Se os norte-americanos acabaram por transformar as sagas dos exploradores do século XIX num género cinematográfico, vez por outra aparecem diferentes nações a reivindicar os seus próprios arquétipos mitológicos de um tempo de violência generalizada, de um duro processo de construção da lei social e de aguerridas batalhas contra um meio hostil.

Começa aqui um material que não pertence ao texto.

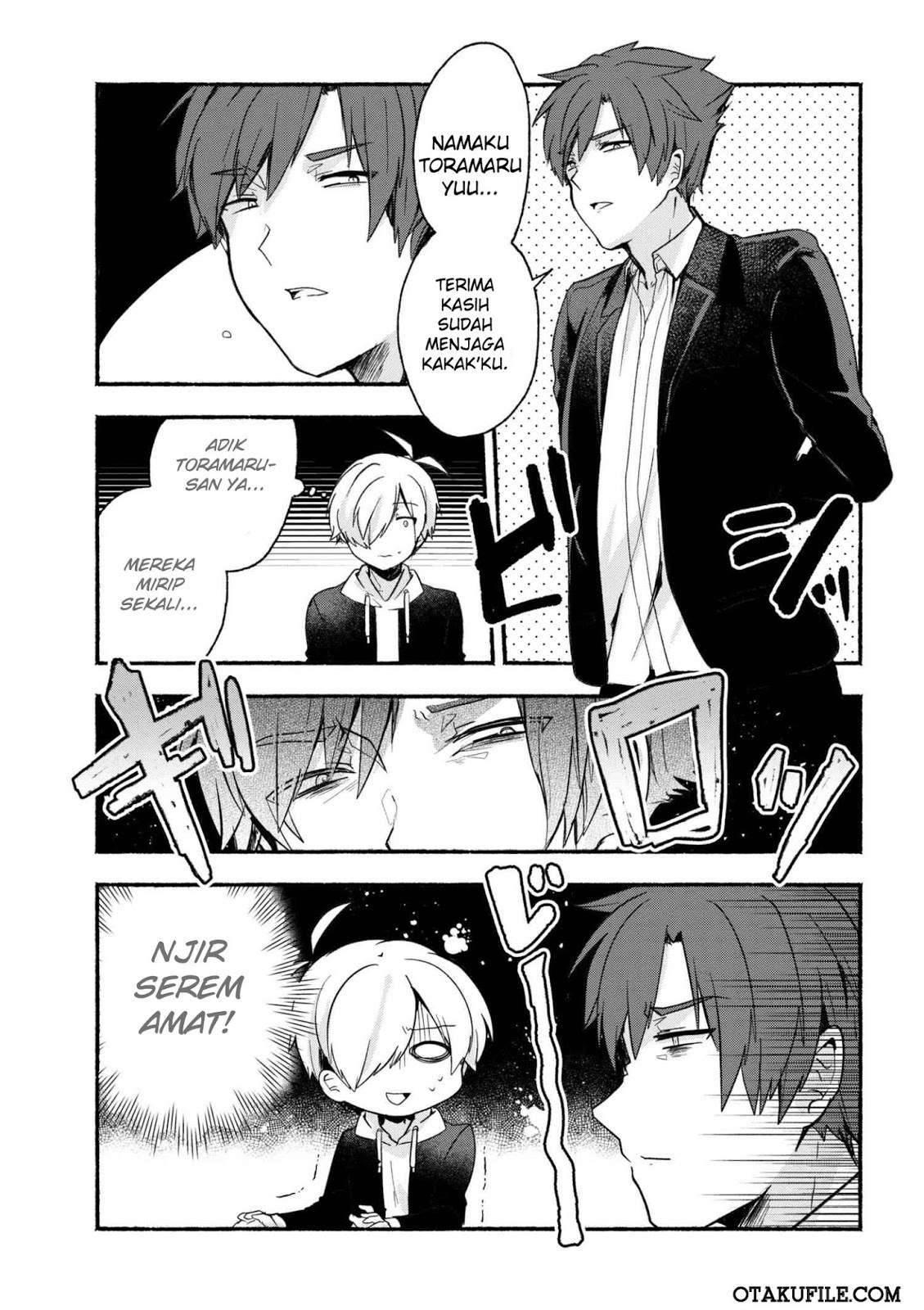 Pashiri na Boku to Koi suru Banchou san Chapter 012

Em tempos recentes, os australianos, com Escolha Mortal, de John Hilcoat e os alemães, com Ouro, de Thomas Harslan, traçaram este caminho – mas com abordagens muito diferentes. Enquanto no filme de Hillcoat o western clássico ganhava doses extras de realismo e ultraviolência, a obra germânica estava em maior consonância com este registo do argentino Lisandro Alonso. Por outras palavras, o silêncio e a dimensão psicológica são mais importantes que a ação.

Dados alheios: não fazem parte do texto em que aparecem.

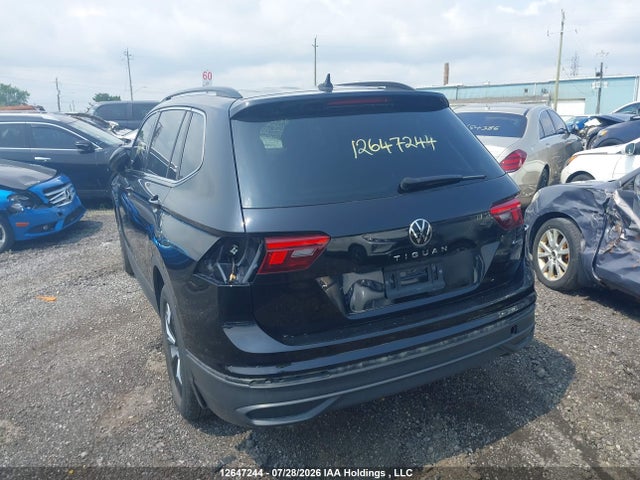 3VV2B7AX3NM125510 Volkswagen TIGUAN SE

A história desenrola-se na trajetória de conquista da Patagónia, a qual coloca um engenheiro dinamarquês (Viggo Mortensen) a milhas do seu país natal. Mas, para complicar a sua vida, ele leva consigo algo raro e apetecível naqueles confins – uma menina adolescente, sua filha (Viilbjørk Malling Agger). Ela própria a chegar numa idade pulsante, às tantas embrenha-se a meio da noite numa fuga com um nativo – pondo um pai desesperado à sua procura.

Mas não há aqui espaço para atos de bravura e odisseias de vingança nem para estereótipos fáceis de bom e mau. Mais propriamente, ninguém parece ser bom. O que existe, antes de tudo, são frágeis personagens completamente engolidos pela imensidão da natureza e filmados sempre à distância (na maioria das vezes de corpo inteiro). A ideia é reforçada pelos vários tempos mortos que acentuam a impossibilidade de um ato redentor.

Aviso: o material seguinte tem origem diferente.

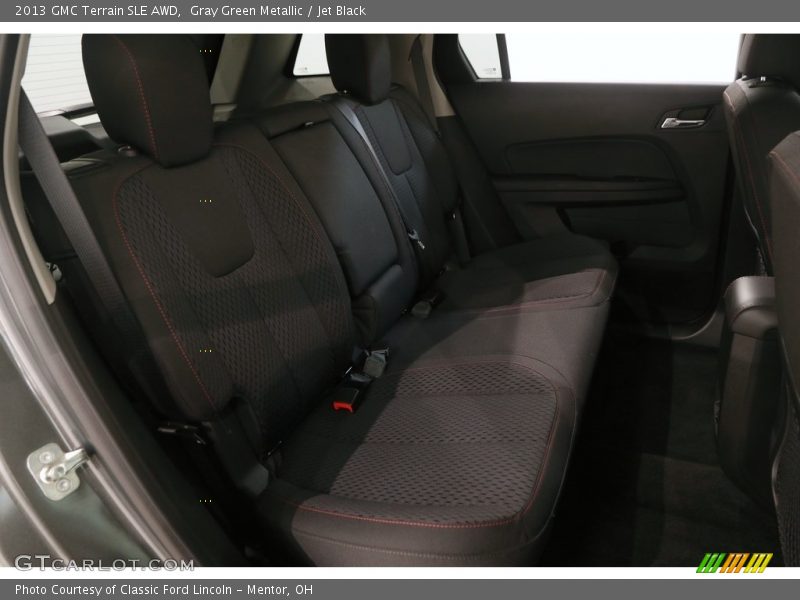 Gray Green Metallic / Jet Black 2013 GMC Terrain SLE AWD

Essa narrativa árida, quase toda ela apenas visual e onde só há música durante um curto momento, vai desaguar numa surpreendente viragem alegórica que tira completamente o chão ao espectador – onde diferentes camadas de tempo e espaço se misturam. Onde Alonso não espanta ninguém é no vai-e-vem do protagonista que entra e sai de cena durante tempo que podia ter sido melhor usado para lhe dar uma personagem devidamente composta.